大村益次郎や板垣退助なんかは特にやり甲斐のある顔をしていたし、何でもない小説の作者にも色々とやっていた。
私だけではなく、周りの子どもたちも遺憾なくセンスを発揮していたし、日本人の性なのかも知れない。

しかし、こうした行為は決して子どもの単なる悪ふざけではなく、大人であってもやりがちなのだ。

京都大学の折田先生像や、名古屋駅のナナちゃん人形、別府駅前の油谷熊八像をご存知だろうか?
特に折田先生像への魔改造は激しく、原型を留めないレベルの変化を毎受験シーズンにさせられている。
ナナちゃん人形も季節やイベントに合わせてよく衣装替えをしている。
油谷熊八像はまともな方で、ラグビーワールドカップの日本開催に合わせてラグビーユニフォームを着た程度だ。ただ、元から既に笑いの要素が入ったポーズを取っているのだが。
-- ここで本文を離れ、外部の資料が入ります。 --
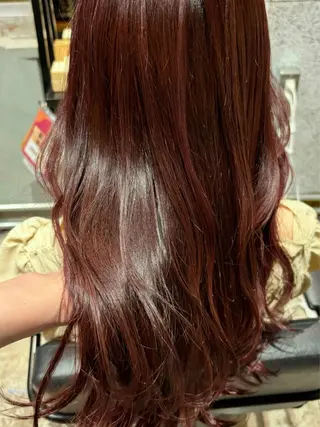 ロング カラー 髪質改善/梅田 オカダチホミのヘアスタイル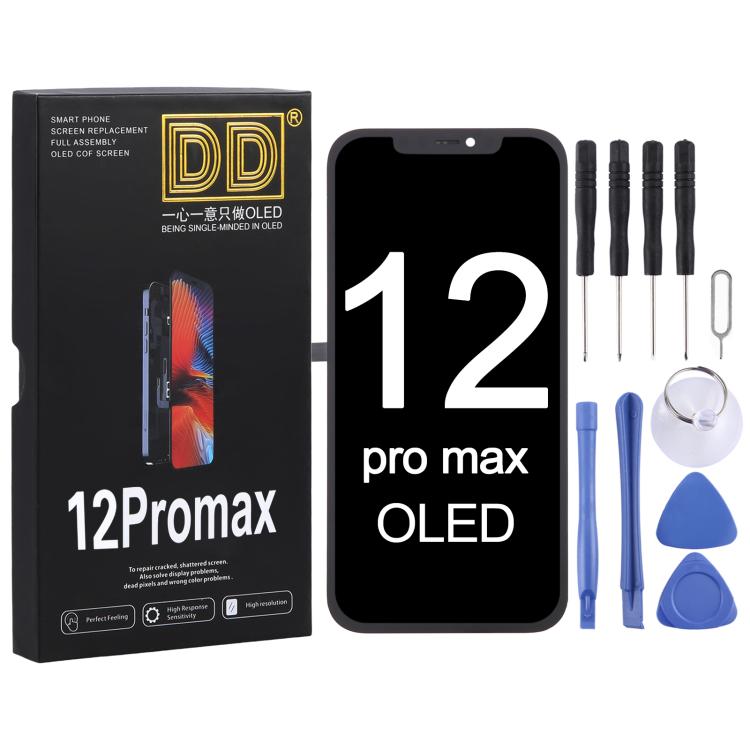 ⁧شاشة DD OLED LCD مع مجموعة كاملة من المحول الرقمي⁩, For iPhone 15 Pro (Soft OLED), For iPhone 14 Pro (Soft OLED), For iPhone 13 Pro (Soft OLED), For iPhone 13 (Soft OLED), For iPhone 12 Pro Max(Hard OLED)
しかし、こうした魔改造の動機は、決して偉大な人物を侮辱しようとして行うものではないのだ。

例えば日本で葬式や通夜でお祭り騒ぎをしようものなら、大抵は「けしからん」と非難されるだろう。しかし場所や文化が変われば、故人の昔話や思い出を語り合い、思いきり楽しく盛り上がってこそ、故人への最高の弔いとすることもある。私としても、自分を送る時にはそんな葬式を開いてほしいと思う。

迷惑をかける為でなく、純粋な遊び心や独創性を以て自分や周囲の人を楽しませようとして行う時、落書き・魔改造は社会の空気を変える力も発揮する。

何をするにも取り締まりが厳しくなった昨今、どうかこうした些細な楽しみを大目に見てほしい。
規制の厳しい社会で縛られ、苦しみ生きる人々の救いの鍵は、ささやかな楽しみを許容する寛容さだと思うのだ。